Data Block Start

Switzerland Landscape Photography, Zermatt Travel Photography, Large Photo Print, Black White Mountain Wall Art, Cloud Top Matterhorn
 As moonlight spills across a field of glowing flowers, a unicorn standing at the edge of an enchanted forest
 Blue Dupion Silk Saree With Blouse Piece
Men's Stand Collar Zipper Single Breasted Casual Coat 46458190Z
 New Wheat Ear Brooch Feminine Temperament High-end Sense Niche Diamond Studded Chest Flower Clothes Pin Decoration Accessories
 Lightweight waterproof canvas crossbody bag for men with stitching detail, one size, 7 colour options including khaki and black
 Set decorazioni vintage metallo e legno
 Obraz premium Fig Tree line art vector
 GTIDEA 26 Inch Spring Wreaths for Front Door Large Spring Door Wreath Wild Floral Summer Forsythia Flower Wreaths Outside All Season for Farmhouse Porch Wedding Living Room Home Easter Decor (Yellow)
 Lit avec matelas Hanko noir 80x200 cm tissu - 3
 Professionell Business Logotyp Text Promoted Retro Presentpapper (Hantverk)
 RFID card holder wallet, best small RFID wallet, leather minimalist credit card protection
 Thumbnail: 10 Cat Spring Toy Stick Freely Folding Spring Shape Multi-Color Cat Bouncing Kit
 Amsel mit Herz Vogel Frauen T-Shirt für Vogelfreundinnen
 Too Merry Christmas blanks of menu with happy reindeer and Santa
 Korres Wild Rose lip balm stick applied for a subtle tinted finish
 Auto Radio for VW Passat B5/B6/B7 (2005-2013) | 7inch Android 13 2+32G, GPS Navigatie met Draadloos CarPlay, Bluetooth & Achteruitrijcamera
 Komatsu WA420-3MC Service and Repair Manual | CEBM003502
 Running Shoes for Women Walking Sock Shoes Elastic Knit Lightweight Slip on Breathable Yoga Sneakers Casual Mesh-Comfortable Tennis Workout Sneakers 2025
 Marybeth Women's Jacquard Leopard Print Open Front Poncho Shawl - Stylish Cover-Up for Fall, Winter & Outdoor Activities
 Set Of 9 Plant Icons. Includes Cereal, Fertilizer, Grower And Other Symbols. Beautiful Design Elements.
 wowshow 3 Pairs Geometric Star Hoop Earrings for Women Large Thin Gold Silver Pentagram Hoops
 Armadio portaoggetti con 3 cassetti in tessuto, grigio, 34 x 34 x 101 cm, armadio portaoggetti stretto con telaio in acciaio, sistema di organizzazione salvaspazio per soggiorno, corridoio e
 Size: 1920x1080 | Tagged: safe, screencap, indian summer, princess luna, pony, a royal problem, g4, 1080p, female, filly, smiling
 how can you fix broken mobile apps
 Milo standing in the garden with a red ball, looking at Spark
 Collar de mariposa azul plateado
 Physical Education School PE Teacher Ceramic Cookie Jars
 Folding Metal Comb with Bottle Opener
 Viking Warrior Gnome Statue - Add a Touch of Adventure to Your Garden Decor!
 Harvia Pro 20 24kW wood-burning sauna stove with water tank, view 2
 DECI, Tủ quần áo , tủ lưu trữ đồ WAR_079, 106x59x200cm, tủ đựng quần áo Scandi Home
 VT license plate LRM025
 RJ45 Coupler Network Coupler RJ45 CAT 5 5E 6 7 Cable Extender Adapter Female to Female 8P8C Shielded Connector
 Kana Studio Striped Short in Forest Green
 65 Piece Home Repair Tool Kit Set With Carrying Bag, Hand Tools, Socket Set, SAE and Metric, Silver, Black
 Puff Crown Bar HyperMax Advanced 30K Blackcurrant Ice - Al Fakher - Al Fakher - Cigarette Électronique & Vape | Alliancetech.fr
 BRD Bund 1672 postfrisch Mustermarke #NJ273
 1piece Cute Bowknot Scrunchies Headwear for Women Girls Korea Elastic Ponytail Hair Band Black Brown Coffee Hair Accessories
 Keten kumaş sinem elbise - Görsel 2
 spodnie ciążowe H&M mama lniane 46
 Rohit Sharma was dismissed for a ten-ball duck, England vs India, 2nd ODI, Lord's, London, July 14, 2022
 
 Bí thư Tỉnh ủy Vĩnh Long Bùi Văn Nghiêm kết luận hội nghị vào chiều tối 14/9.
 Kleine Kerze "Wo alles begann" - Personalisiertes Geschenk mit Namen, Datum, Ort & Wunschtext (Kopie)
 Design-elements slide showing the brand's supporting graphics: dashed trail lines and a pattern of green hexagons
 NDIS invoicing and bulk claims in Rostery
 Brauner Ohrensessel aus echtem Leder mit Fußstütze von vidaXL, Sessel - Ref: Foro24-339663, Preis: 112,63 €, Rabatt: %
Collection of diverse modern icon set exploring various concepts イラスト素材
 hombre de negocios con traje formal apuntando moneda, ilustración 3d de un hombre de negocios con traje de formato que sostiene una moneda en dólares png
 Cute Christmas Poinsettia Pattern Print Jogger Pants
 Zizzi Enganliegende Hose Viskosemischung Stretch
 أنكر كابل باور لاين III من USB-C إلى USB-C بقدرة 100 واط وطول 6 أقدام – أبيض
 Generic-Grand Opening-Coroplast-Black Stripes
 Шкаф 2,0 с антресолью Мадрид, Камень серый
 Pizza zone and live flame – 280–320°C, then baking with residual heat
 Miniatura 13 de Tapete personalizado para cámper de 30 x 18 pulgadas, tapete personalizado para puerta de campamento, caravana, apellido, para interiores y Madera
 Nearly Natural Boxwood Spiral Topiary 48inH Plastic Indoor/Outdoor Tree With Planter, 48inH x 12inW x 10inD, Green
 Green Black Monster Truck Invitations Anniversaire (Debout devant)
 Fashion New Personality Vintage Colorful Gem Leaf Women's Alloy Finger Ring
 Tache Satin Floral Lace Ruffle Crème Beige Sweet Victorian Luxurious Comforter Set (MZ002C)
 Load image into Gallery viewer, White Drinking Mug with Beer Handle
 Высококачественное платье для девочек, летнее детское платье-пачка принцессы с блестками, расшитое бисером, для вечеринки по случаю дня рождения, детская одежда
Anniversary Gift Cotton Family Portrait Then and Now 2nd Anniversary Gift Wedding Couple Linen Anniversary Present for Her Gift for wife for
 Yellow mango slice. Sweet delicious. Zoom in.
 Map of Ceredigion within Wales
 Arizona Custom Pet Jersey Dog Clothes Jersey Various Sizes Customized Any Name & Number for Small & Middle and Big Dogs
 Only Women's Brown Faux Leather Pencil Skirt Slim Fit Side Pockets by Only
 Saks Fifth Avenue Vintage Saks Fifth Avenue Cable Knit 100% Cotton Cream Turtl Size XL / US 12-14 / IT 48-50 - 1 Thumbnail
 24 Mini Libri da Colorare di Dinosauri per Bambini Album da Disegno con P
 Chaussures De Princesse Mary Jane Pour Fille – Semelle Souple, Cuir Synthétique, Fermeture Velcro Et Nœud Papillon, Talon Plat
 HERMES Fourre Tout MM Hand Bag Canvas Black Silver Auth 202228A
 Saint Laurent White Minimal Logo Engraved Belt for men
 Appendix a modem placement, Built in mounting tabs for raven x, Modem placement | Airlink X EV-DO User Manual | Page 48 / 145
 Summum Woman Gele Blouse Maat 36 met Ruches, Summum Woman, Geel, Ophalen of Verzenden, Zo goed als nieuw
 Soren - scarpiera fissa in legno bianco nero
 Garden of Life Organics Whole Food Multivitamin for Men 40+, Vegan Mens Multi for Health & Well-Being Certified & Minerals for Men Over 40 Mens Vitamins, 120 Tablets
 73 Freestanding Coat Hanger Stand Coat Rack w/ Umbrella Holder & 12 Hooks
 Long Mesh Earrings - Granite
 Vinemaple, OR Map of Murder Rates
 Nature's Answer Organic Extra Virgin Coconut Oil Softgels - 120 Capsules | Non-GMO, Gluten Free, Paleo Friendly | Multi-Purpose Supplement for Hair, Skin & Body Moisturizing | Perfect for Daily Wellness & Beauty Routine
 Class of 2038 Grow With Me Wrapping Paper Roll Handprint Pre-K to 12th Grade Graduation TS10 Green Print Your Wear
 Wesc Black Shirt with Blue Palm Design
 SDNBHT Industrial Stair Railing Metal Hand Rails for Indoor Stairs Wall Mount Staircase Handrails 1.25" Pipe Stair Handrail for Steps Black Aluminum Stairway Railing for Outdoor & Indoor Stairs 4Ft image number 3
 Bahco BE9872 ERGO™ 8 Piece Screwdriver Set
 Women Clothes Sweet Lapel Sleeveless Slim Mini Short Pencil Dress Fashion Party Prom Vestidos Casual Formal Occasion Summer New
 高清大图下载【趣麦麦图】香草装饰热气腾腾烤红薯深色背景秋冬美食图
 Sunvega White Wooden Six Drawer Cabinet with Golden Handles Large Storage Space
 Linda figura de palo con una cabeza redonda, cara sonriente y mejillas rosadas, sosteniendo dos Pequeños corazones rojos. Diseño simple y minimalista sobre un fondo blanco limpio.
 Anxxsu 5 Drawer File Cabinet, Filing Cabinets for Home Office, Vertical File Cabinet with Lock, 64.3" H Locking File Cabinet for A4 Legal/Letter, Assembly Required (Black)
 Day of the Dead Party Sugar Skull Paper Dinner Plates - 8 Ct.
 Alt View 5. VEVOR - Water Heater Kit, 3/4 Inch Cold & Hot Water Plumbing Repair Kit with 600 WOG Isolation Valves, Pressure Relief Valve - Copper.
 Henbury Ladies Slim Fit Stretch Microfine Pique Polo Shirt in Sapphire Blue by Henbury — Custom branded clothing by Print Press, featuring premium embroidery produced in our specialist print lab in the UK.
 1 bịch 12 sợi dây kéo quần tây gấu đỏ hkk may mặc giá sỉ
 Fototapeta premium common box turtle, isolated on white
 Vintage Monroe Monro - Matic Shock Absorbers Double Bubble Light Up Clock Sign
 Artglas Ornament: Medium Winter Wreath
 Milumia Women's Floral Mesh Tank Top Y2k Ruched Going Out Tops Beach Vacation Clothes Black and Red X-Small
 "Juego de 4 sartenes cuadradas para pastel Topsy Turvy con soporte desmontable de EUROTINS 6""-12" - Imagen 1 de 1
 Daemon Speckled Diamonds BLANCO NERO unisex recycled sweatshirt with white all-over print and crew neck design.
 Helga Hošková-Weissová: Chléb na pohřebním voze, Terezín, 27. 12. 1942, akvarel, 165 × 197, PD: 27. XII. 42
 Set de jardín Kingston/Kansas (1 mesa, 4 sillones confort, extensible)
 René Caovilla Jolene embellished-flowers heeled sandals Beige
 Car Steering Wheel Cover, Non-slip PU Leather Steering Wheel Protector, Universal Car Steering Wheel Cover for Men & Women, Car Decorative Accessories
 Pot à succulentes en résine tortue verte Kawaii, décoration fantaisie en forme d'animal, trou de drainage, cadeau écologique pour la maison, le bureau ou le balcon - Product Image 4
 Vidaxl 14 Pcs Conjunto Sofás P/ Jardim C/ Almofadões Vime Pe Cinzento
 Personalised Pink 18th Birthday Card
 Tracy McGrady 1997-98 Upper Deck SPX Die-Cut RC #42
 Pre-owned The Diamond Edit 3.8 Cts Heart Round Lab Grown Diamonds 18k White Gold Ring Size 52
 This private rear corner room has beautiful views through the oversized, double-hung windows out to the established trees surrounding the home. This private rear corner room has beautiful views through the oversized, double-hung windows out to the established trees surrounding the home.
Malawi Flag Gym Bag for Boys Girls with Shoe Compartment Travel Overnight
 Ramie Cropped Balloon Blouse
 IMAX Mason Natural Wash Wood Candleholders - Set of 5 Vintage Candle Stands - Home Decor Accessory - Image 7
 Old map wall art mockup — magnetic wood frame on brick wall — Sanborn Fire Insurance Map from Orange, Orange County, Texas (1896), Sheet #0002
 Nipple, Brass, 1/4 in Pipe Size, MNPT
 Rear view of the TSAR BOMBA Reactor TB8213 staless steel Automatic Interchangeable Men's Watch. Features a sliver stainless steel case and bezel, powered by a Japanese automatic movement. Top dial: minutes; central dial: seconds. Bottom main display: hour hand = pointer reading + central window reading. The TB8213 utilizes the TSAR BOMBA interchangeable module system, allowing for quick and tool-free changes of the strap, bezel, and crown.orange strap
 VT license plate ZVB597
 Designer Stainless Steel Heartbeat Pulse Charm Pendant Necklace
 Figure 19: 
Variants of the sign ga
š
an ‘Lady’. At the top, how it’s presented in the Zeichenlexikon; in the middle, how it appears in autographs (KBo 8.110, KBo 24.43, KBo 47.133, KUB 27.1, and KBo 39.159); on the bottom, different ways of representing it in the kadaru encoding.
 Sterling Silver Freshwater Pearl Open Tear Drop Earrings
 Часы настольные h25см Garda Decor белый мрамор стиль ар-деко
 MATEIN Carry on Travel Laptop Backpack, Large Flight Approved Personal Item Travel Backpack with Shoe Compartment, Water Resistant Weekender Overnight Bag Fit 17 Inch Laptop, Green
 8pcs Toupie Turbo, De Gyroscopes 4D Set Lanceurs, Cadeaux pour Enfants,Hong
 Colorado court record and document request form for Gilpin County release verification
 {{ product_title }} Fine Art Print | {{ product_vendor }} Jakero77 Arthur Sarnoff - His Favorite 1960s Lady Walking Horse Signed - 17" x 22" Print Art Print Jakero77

Data Block End

#### Activity:
Go through the records above and return each line in which the word "license" occurs.

#### Exercise output:
 VT license plate LRM025
 VT license plate ZVB597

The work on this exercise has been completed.